- Task:
Copy out the records in full, word for word, without pictures.

- Exercise materials:
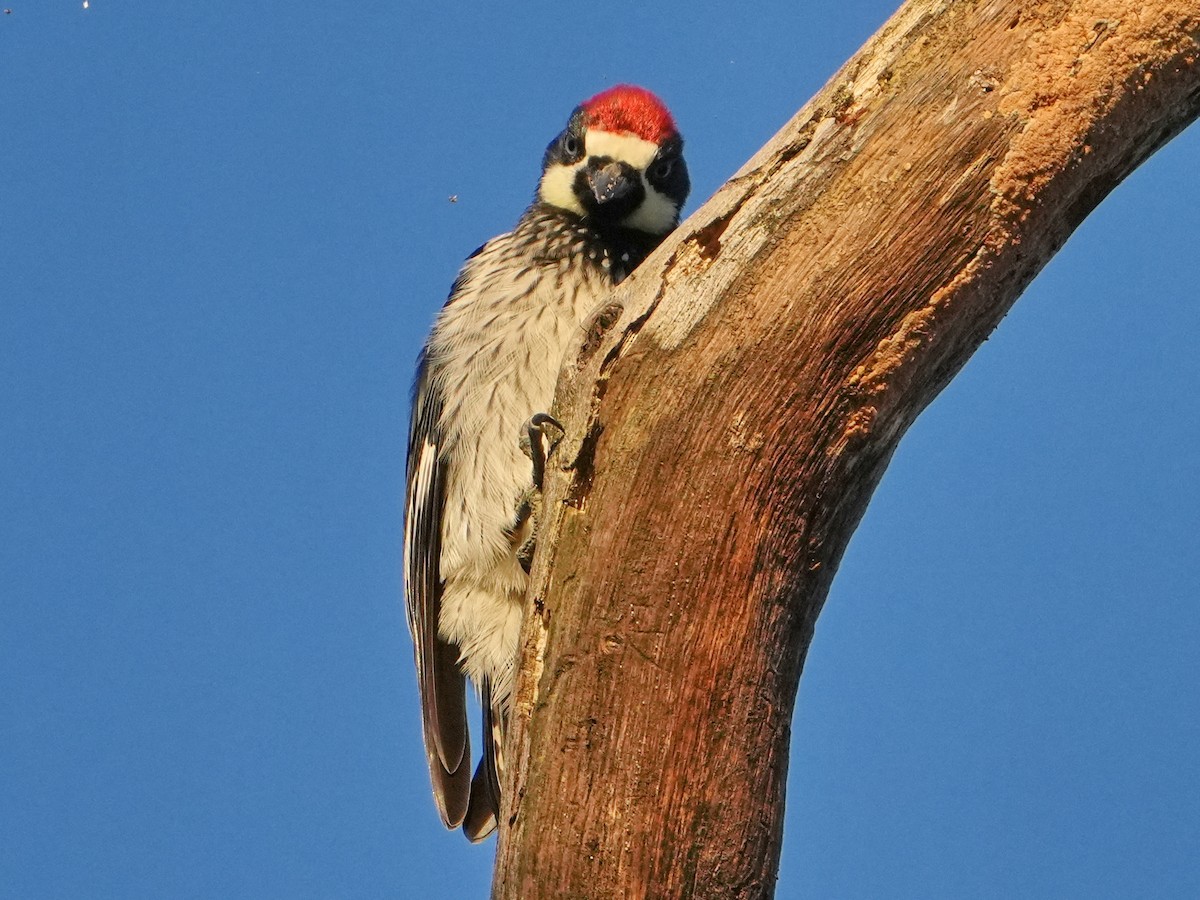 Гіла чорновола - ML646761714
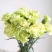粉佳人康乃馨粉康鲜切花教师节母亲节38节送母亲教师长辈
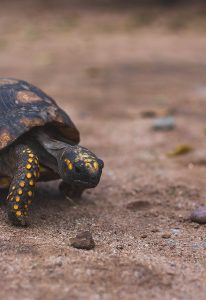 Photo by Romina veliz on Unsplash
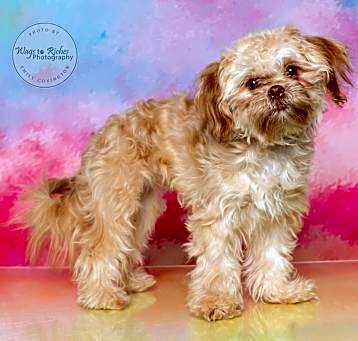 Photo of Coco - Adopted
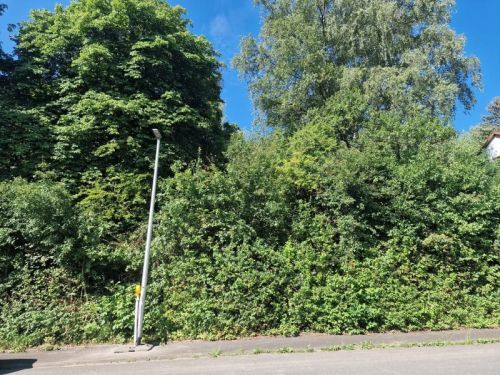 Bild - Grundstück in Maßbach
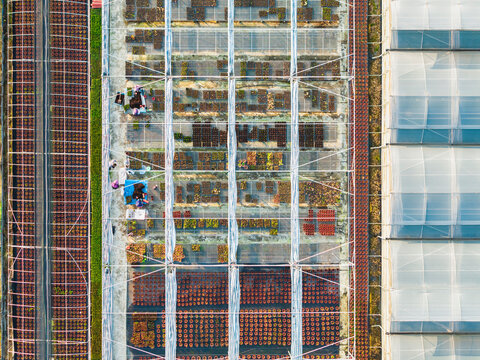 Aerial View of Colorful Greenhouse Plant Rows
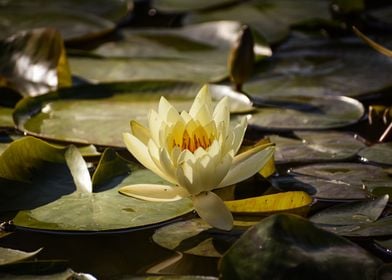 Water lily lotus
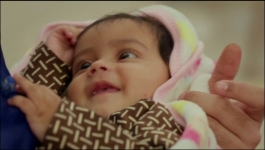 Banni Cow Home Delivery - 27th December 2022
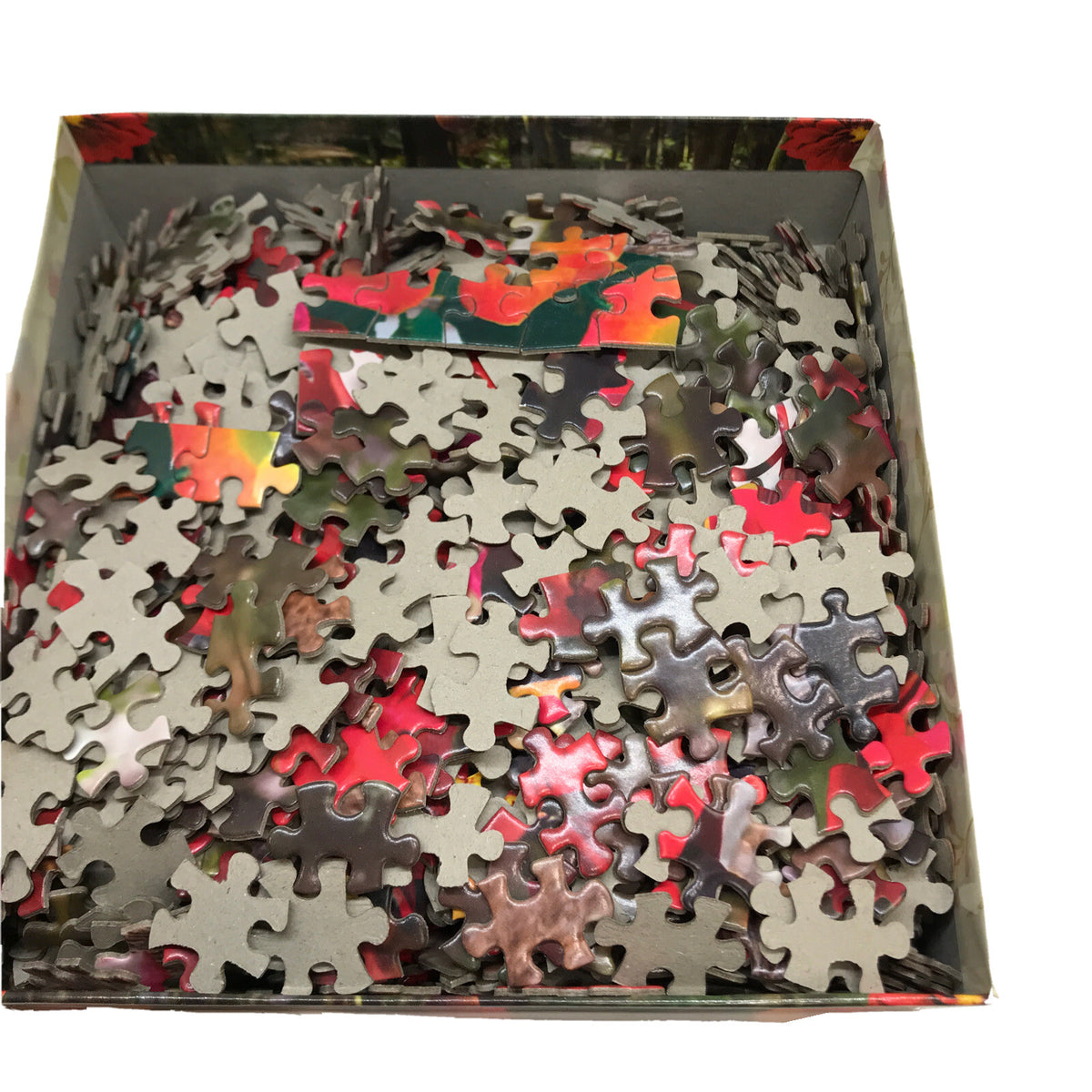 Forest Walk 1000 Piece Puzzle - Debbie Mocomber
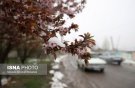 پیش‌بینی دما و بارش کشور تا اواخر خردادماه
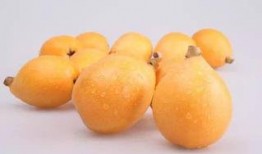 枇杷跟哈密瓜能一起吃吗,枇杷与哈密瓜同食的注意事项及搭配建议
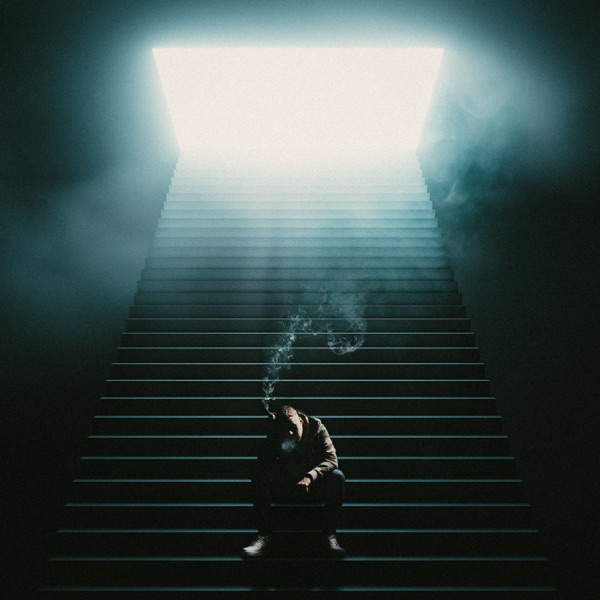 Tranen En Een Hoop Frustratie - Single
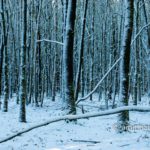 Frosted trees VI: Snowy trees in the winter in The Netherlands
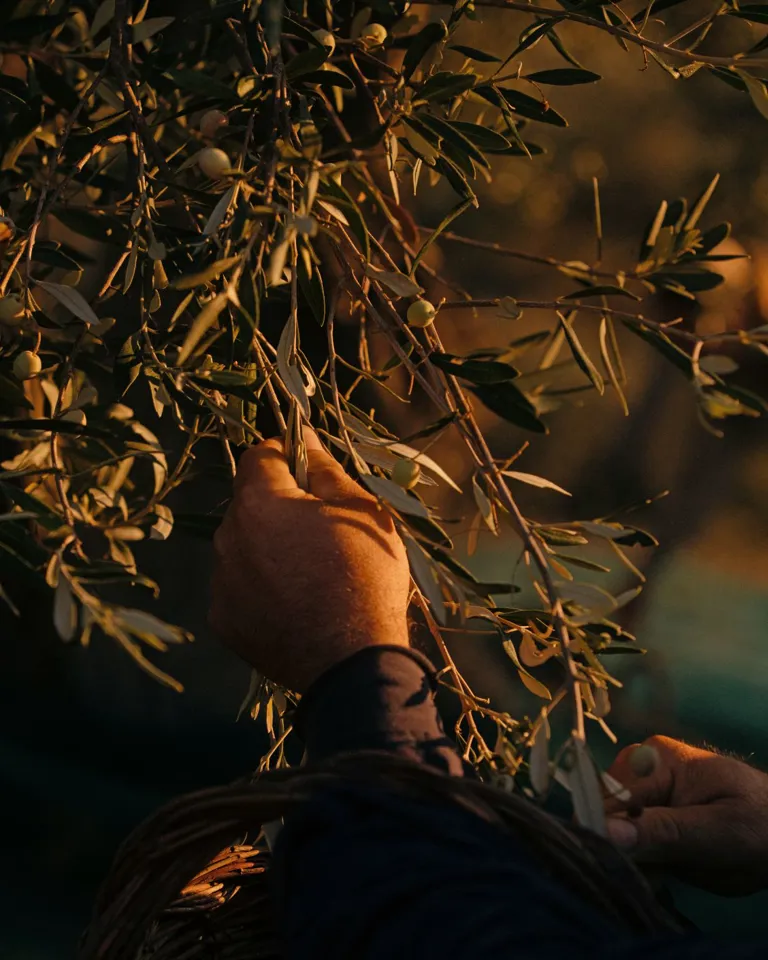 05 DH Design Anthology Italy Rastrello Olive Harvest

- Problem solution:
 Гіла чорновола - ML646761714
粉佳人康乃馨粉康鲜切花教师节母亲节38节送母亲教师长辈
 Photo by Romina veliz on Unsplash
 Photo of Coco - Adopted
 Bild - Grundstück in Maßbach
 Aerial View of Colorful Greenhouse Plant Rows
 Water lily lotus
 Banni Cow Home Delivery - 27th December 2022
 Forest Walk 1000 Piece Puzzle - Debbie Mocomber
 پیش‌بینی دما و بارش کشور تا اواخر خردادماه
 枇杷跟哈密瓜能一起吃吗,枇杷与哈密瓜同食的注意事项及搭配建议
 Tranen En Een Hoop Frustratie - Single
 Frosted trees VI: Snowy trees in the winter in The Netherlands
 05 DH Design Anthology Italy Rastrello Olive Harvest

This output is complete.